The length of the minute hand is 150% of the length of the hour hand. In 1 hour, how much farther does the tip of the minute hand move than the tip of the hour hand? Round to the nearest hundredth.
The length of the minute hand is 150% of the length of the hour hand.

Answer 1

Answer:

17(pi)r/6

Step-by-step explanation:

Since neither hand length is known, you can have an answer in terms of one of the hands, but you cannot get just a number.

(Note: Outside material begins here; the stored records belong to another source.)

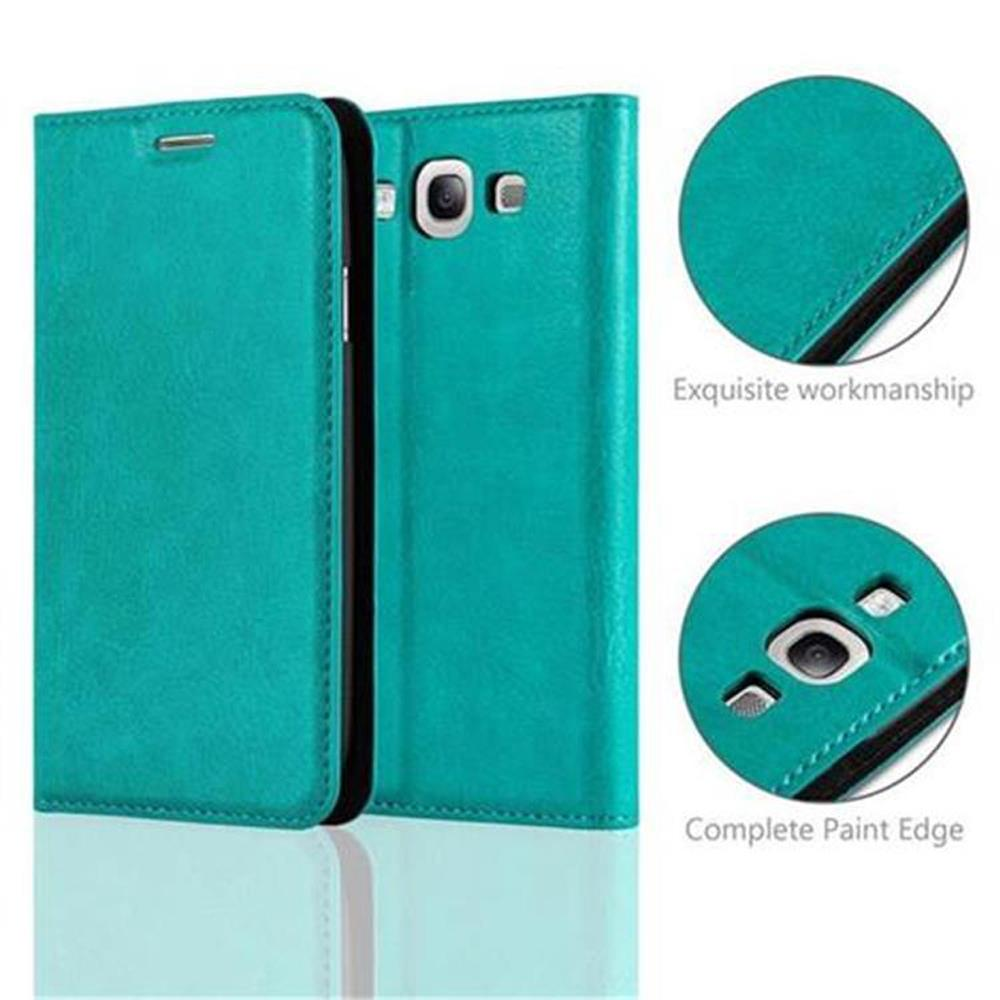 Funda de teléfono verde azulado, abierta y cerrada, con fotos detalladas que muestran las funciones del teléfono.
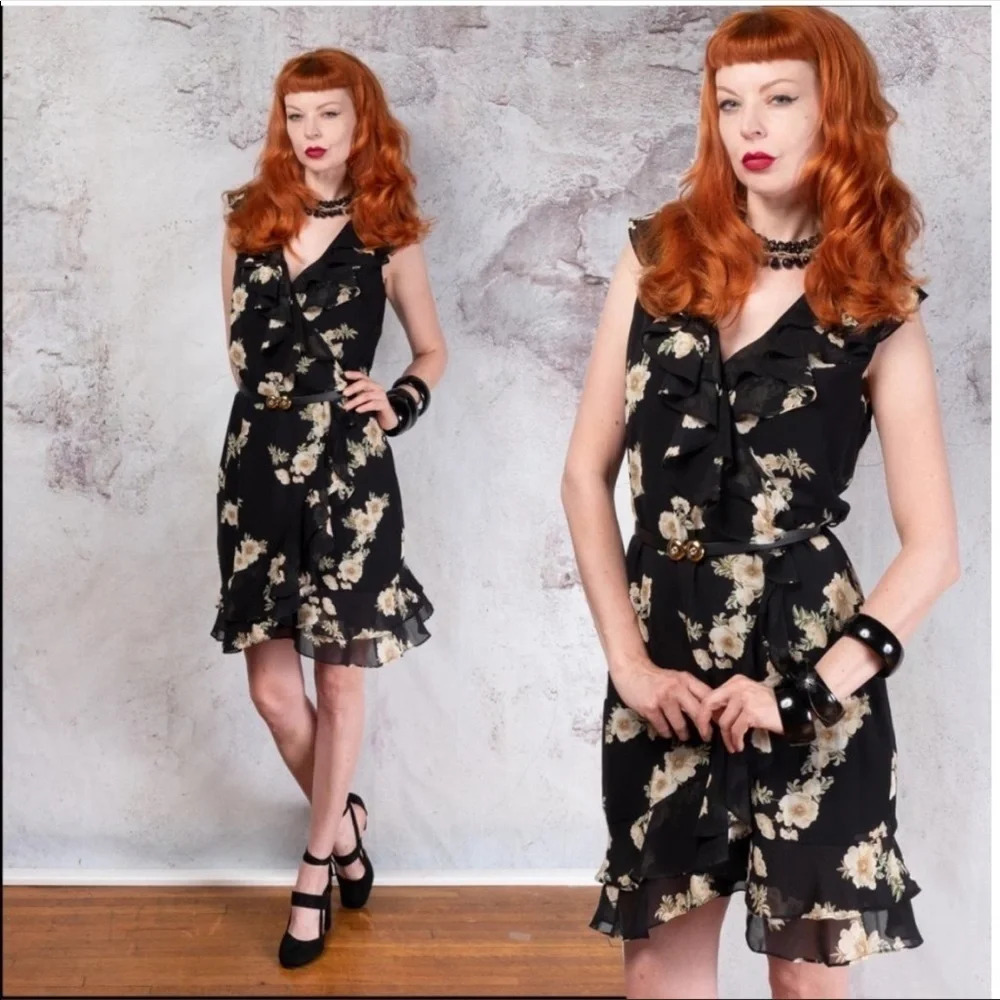 Bardot Floral Print Ruffled Faux-Wrap Cap Sleeve Dress Dark Romantic Size 6 - Picture 2 of 9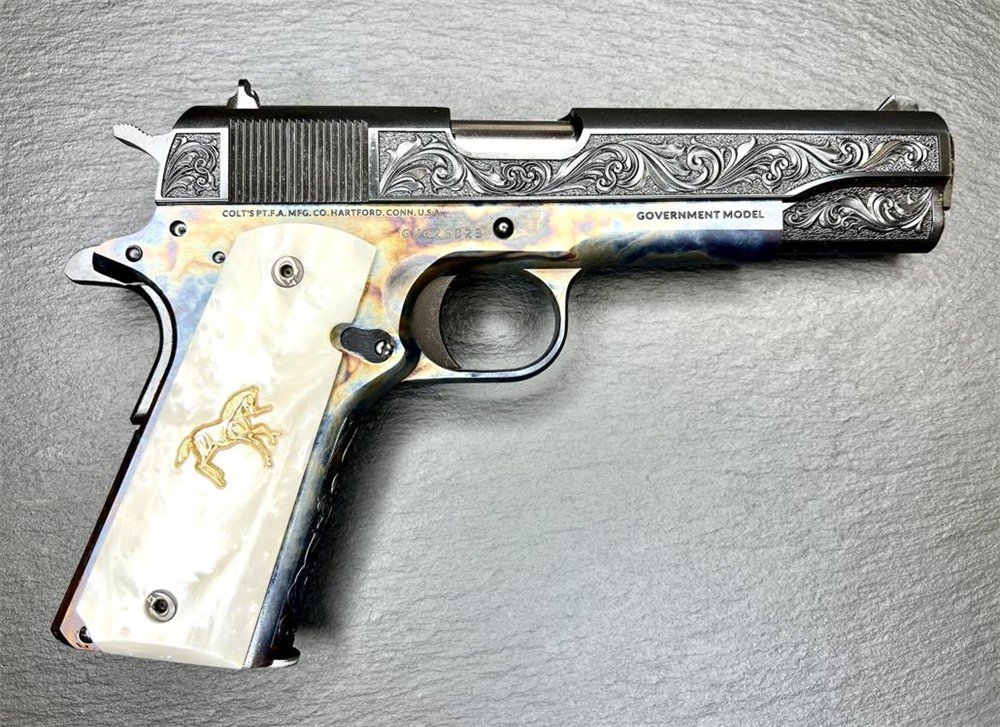 Colt 1911 Custom Altamont Engraved Case Hardened, Blued Regal AA .38 Super-img-6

Let r = the length of the hour hand.

Then, the length of the minute hand is 150% of r = 1.5r.

The minute hand is the radius of the circle drawn by the tip of the minute hand. In 1 hour, the minute hand rotates one full revolution, so the tip of the minute hand moves the circumference of the circle drawn by the tip of the minute hand.

Now we find the circumference of the circle of the tip of the minute hand.

C = 2 * pi * r,

but the radius here is 1.5r, so we get

C_minute_hand =  2 * pi * (1.5)r

C_minute_hand = 3(pi)r

The hour hand rotates a full revolution in 12 hours, so it rotates 1/12 of a revolution in 1 hour. The radius is r.

C_hour_hand = 2 * pi * r * 1/12

C_hour_hand = (pi)r/6

The difference in how much each tip travels is

3(pi)r - (pi)r/6 = (pi)r(3 - 1/6) = 17(pi)r/6